# [ACTIVITY]
Task for the records below: copy exactly from the first line on, stopping once the line with "New website design wanted for Muvee" is copied, and leave out the pictures.

# [DATA TO PROCESS]
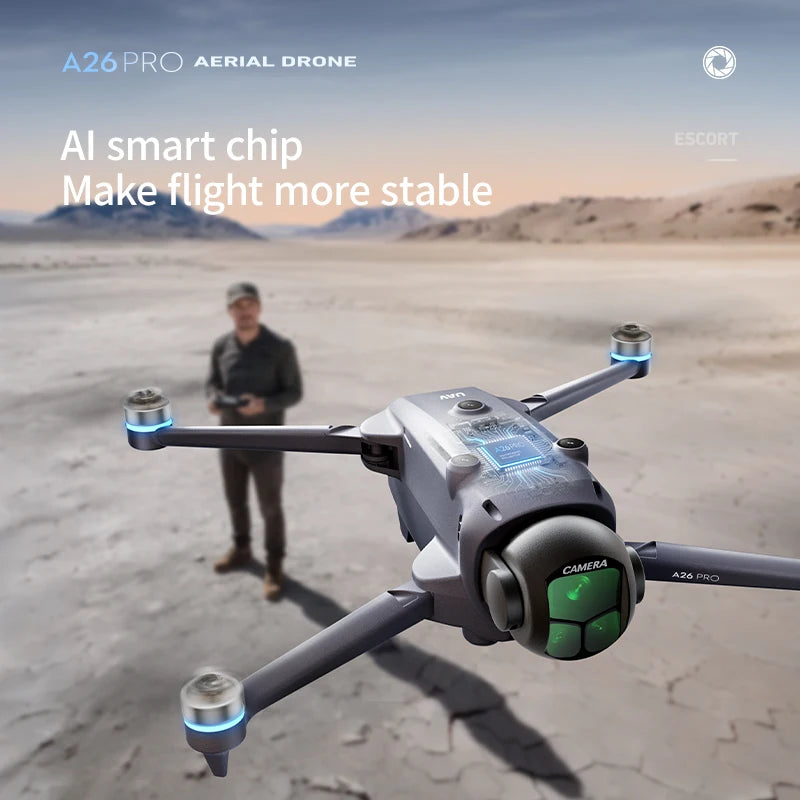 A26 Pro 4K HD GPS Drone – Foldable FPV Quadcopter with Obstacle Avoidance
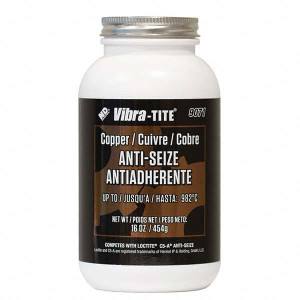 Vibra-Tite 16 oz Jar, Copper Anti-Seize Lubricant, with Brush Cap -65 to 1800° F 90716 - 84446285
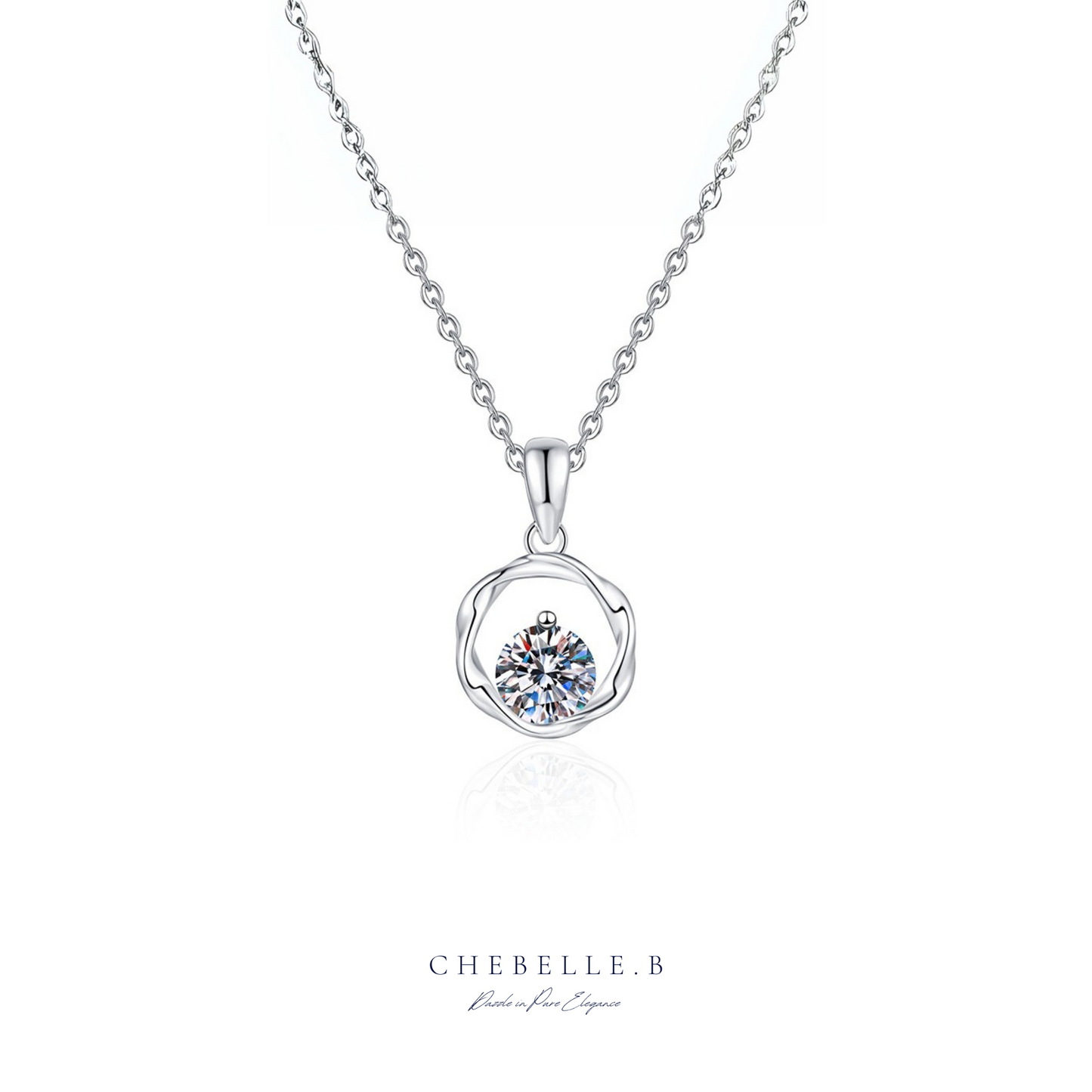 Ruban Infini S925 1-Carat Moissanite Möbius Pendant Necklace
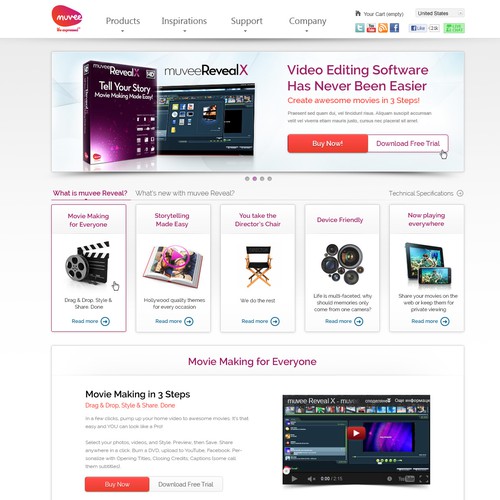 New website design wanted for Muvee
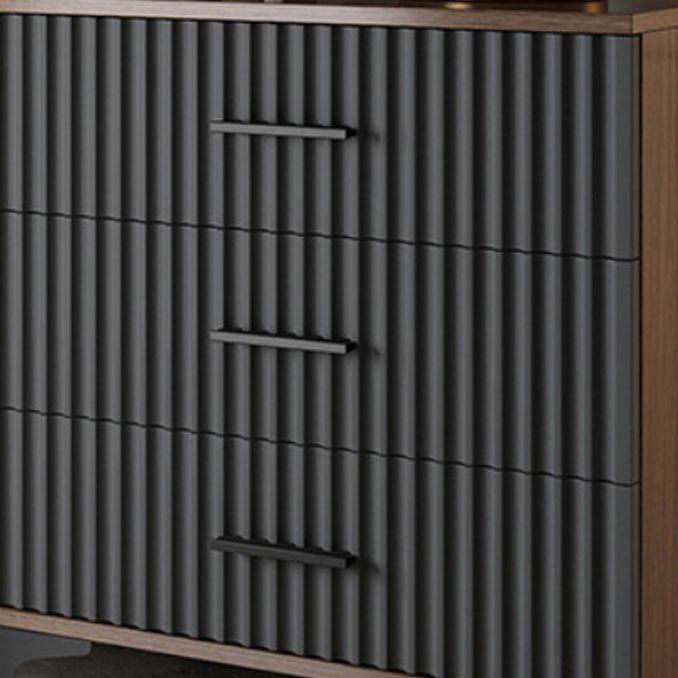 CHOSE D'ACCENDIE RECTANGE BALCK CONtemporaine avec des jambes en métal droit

# [ANSWER SPACE]
 A26 Pro 4K HD GPS Drone – Foldable FPV Quadcopter with Obstacle Avoidance
 Vibra-Tite 16 oz Jar, Copper Anti-Seize Lubricant, with Brush Cap -65 to 1800° F 90716 - 84446285
 Ruban Infini S925 1-Carat Moissanite Möbius Pendant Necklace
 New website design wanted for Muvee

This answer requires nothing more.